Below are some records; quote exactly the lines from the one that contains "Wandelaars met rugzakken" through the one that contains "A crime scene", inclusive, and no others.
#####
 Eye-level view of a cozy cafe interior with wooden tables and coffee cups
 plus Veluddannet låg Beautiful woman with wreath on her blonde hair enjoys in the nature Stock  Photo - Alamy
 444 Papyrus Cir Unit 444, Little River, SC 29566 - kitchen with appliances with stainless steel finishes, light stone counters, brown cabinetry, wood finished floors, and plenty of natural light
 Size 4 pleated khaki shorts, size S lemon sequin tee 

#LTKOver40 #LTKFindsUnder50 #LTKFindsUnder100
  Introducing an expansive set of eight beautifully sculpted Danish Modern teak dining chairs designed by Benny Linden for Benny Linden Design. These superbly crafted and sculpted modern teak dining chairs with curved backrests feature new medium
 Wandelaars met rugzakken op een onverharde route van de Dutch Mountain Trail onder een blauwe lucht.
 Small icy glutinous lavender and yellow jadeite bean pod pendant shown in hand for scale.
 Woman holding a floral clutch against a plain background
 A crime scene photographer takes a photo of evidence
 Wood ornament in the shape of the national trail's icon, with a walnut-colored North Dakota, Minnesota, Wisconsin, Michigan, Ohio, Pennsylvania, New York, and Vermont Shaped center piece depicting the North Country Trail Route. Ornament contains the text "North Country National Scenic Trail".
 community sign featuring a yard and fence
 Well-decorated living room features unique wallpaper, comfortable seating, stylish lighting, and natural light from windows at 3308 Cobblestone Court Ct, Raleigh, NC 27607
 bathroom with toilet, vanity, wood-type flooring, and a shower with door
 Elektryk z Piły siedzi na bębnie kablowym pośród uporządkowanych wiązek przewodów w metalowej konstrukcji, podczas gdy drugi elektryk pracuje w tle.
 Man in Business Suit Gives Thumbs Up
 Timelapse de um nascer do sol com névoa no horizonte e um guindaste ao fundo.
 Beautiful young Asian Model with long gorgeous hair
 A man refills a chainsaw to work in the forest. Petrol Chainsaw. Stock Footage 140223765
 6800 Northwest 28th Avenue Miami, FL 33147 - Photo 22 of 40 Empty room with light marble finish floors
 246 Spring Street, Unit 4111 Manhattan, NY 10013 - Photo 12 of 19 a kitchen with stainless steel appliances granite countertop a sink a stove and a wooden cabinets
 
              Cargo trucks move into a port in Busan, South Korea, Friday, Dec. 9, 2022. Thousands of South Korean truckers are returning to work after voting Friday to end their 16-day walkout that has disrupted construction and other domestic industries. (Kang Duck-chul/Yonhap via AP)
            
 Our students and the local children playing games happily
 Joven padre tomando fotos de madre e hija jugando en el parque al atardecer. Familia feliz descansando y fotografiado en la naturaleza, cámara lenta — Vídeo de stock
#####
Solution for this problem >>
 Wandelaars met rugzakken op een onverharde route van de Dutch Mountain Trail onder een blauwe lucht.
 Small icy glutinous lavender and yellow jadeite bean pod pendant shown in hand for scale.
 Woman holding a floral clutch against a plain background
 A crime scene photographer takes a photo of evidence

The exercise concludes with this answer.